What were Japanese plans for China, after a victory in the Sino-Japanese War ?

Were the Japanese ready to accept a conditional surrender from the RoC ?

Would they have demanded complete demilitarization of the RoC ? Or "merely" restricting the RoC military forces to infantry only ? Or maybe even let the RoC have a limited amount of tanks, combat vehicles and artillery ?

For that matter, would they even have tolerated the continued existence of the RoC (as a satellite state), leading to two Chinese states ruled by Chiang and Wang under the Japanese umbrella ?
Or would they have annexed the whole of China to the "Reorganized National Government of China" ruled by Wang Jingwei, under direct Japanese occupation ?
Or even dropped the pretence of puppet local governments and directly annexed China ?

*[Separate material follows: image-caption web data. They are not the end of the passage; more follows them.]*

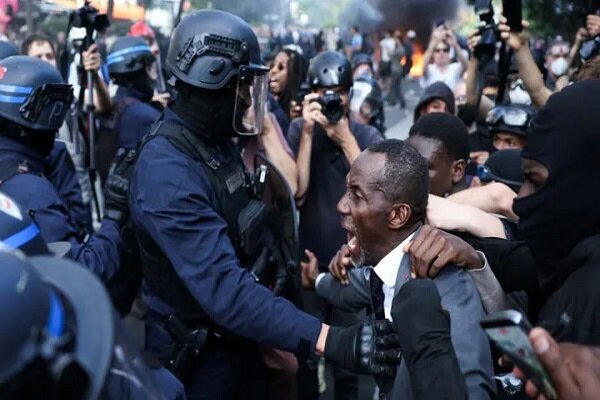 حمایت شهردار فرانسه از دانش آموزان معترض ترند شد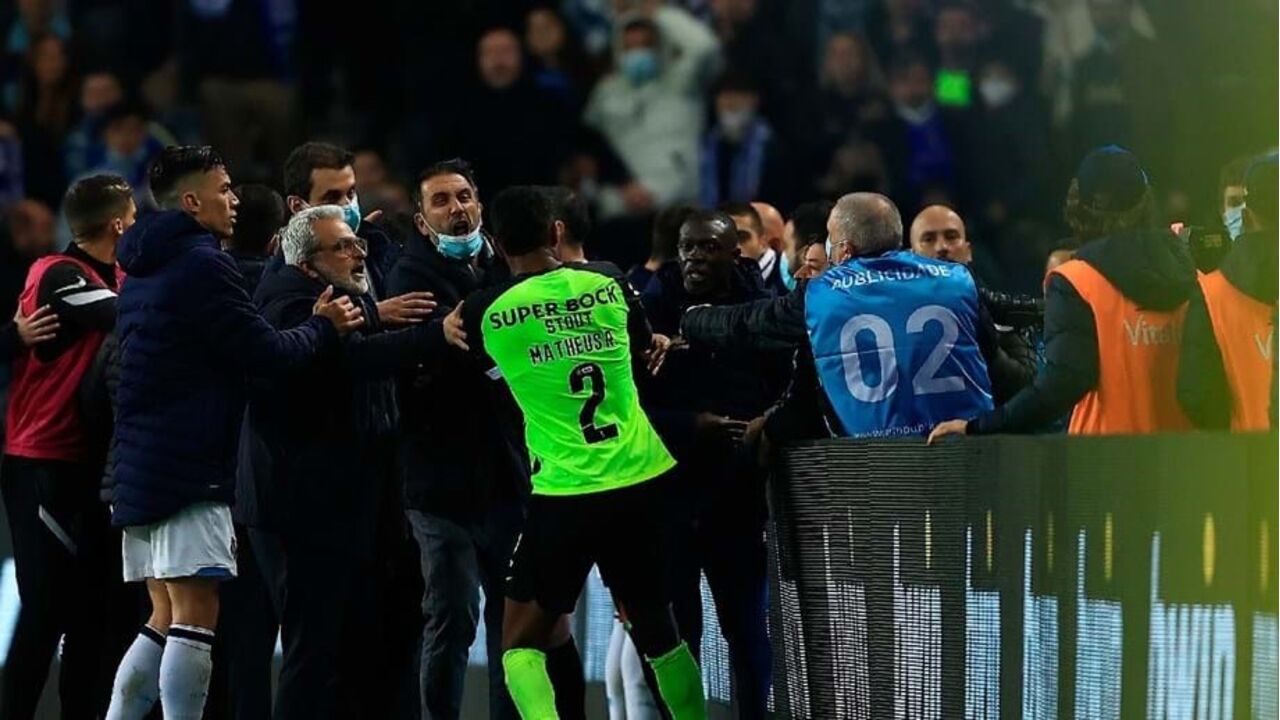 FC Porto-Sporting: 50 jogos de invencibilidade azul? Dragão cheira recorde  nacional - SIC Notícias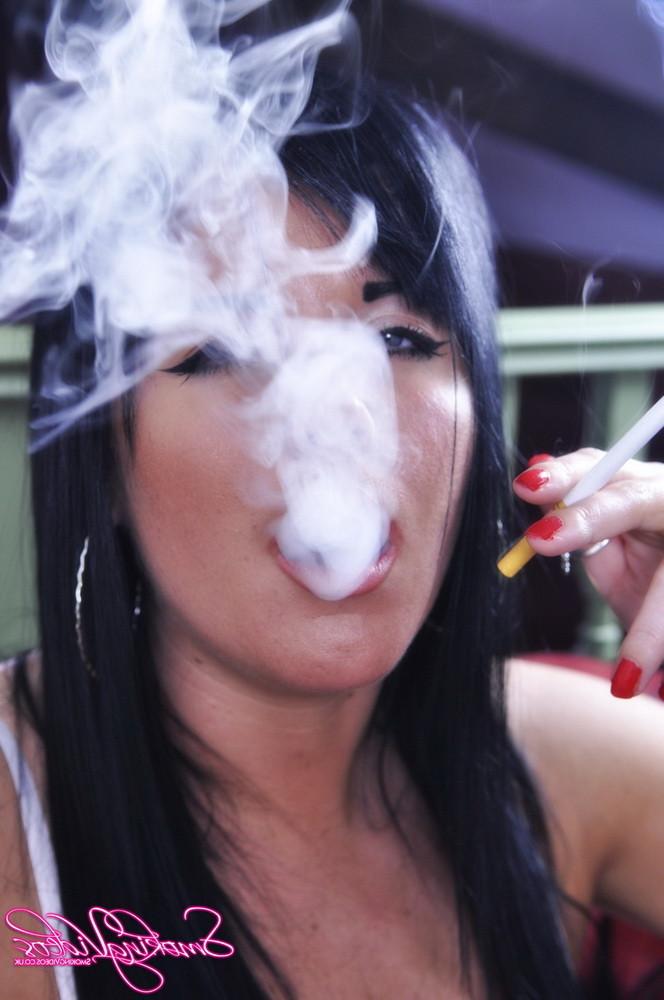 16P Glamourous girl Michelle Hush smokes a long Rothman 120 cigarett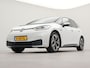 Volkswagen ID.3 First Plus 58 kWh incl. afneembare trekhaak | SoH 94,4% | Afneembare trekhaak | Apple Carplay  | Navigatie | Achteruitrij camera | Voorstoelen verwarmd | Wifi | Spraakbediening | Parkeersensoren voor en achter |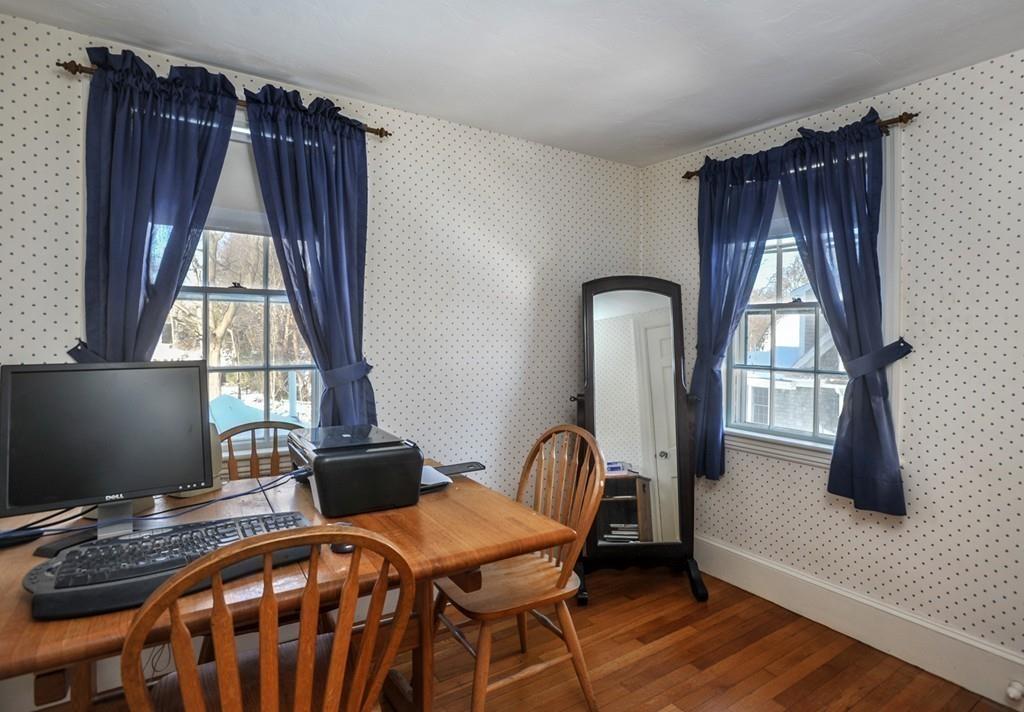 10 Stoddard Road Hingham, MA 02043 - Photo 21 of 26 Gallery Image 21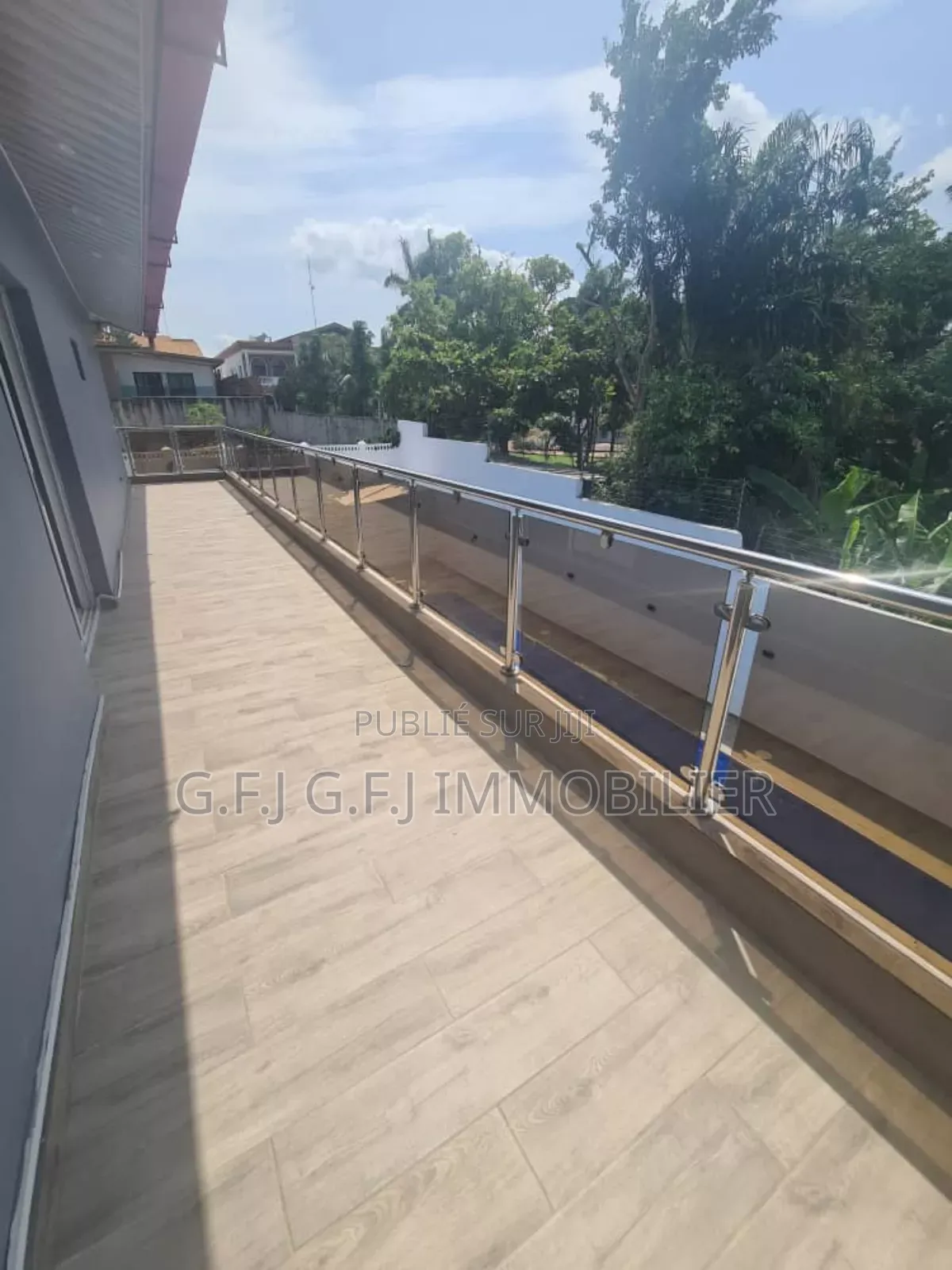 5chbre Duplex dans G.F.J Immobilier, Cocody à Louer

Would they have tried the equivalent of Generalplan Ost (ie. murdering the majority of Han Chinese and other ethnicities through starvation, overworking and other means ; turning the surviving minority into chattel slaves that had zero rights ; and settling the freed space with Japanese colonists) over the whole of China ? Or merely treated China as a resource extraction area, while letting Japanese colonists settle in Manchuria and coastal areas ?
 
Would they have tried the equivalent of Generalplan Ost (ie. murdering the majority of Han Chinese and other ethnicities through starvation, overworking and other means ; turning the surviving minority into chattel slaves that had zero rights ; and settling the freed space with Japanese colonists) over the whole of China ?
I’ve never seen any plans for a Japanese equivalent of Generalplan Ost. They were mass murdering racists but they never made an explicitly genocidal plan to kill 75% of Chinese, 50% of Vietnamese, 65% of Thai etc like the Reich did.
Or merely treated China as a resource extraction area, while letting Japanese colonists settle in Manchuria and coastal areas ?
Everything I’ve read points to this. It would likely be an Asian version of the Congo Free State.
 
"The Japanese" were not a unified organization with a single plan for China. The Second Sino-Japanese War was largely begun as a result of actions by mid-level officers in the Kwantung Army; but once the Japanese government committed to the war the Navy felt the need to get involved and launched an offensive at Shanghai that the Kwantung Army did not desire. So the Kwantung Army and the IJN had different war plans and goals, but also the Imperial Japanese Army Headquarters in Tokyo launched efforts to rein in the Kwantung Army out of fear of their independence, leading to infighting between two Army factions. This is before you consider the civilian government, itself obviously split into multiple parties (or, after the formation of the Imperial Way, multiple factions) and eager to assert some control over events.

During the war itself, the Japanese backed multiple separate puppet Chinese regimes simultaneously, despite the overlapping claims to control the country and infighting that generated. Some of those regimes, notably the Wang Jinwei regime (the largest) maintained significant military forces (under Japanese control) others, such as the Wang Kemin regime, were not permitted to raise troops.

In short, the Japanese lacked a single unified plan for ending the war in China. The plans they did develop they were unable to execute without achieving consensus amongst themselves. This makes attempting to define what they would have done in case of victory futile, as it would most likely have been quite changed from the various plans they discussed during the war.